31. The low-cost index fund is one of the most useful financial inventions in history. Boring but beautiful.

32. The best investors in the world have more of an edge in psychology than in finance.

33. What markets do day to day is overwhelmingly driven by random chance. Ascribing explanations to short-term moves is like trying to explain lottery numbers.

34. For most, finding ways to save more money is more important than finding great investments.

35. If you have credit card debt and are thinking about investing in anything, stop. You will never beat 30% annual interest.

36. A large portion of share buybacks are just offsetting shares issued to management as compensation. Managers still tout the buybacks as "returning money to shareholders."

37. The odds that at least one well-known company is insolvent and hiding behind fraudulent accounting are high.

38. Twenty years from now the S&P 500 (INDEX: ^GSPC  ) will look nothing like it does today. Companies die and new ones emerge.

39. Twelve years ago General Motors (NYSE: GM  ) was on top of the world and Apple(Nasdaq: AAPL  ) was laughed at. A similar shift will occur over the next decade, but no one knows to what companies.

40. Most would be better off if they stopped obsessing about Congress, the Federal Reserve, and the president and focused on their own financial mismanagement.

41. For many, a house is a large liability masquerading as a safe asset.

42. The president has much less influence over the economy than people think.

43. However much money you think you'll need for retirement, double it. Now you're closer to reality.

44. The next recession is never like the last one.

45. Remember what Buffett says about progress: "First come the innovators, then come the imitators, then come the idiots."

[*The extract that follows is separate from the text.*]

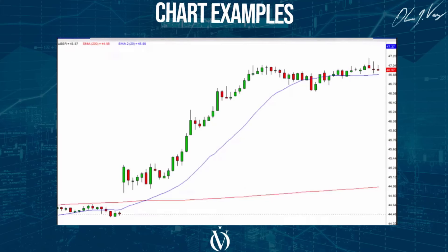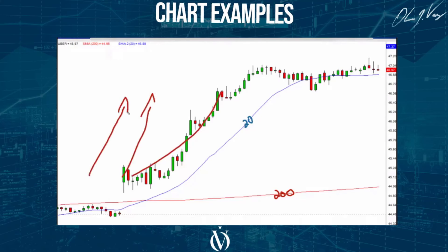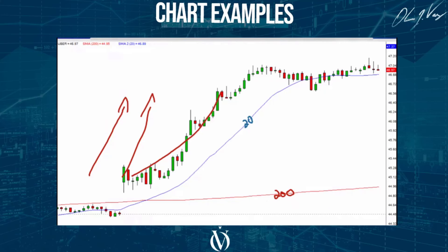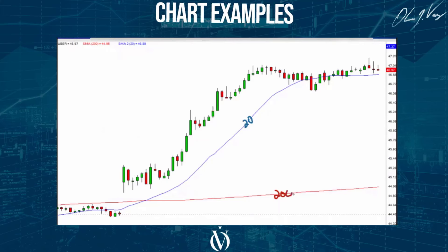Let's take a look at another play — this is UBER. We're looking at UBER on a two-minute chart, where every bar represents two minutes of trading. We've got the 20-period moving average and the 200-period moving average. As a general guideline, when stocks are above the moving averages, we tend to look mostly for moves to the upside. When the stock is under the moving averages, we look for moves to the downside — most of the time, not all the time.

46. And what Mark Twain says about truth: "A lie can travel halfway around the world while truth is putting on its shoes."

47. And what Marty Whitman says about information: "Rarely do more than three or four variables really count. Everything else is noise."

48. The bigger a merger is, the higher the odds it will be a flop. CEOs love empire-building by overpaying for companies.

49. Investments that offer little upside and big downside outnumber those with the opposite characteristics at least 10-to-1.

50. The most boring companies -- toothpaste, food, bolts -- can make some of the best long-term investments. The most innovative, some of the worst.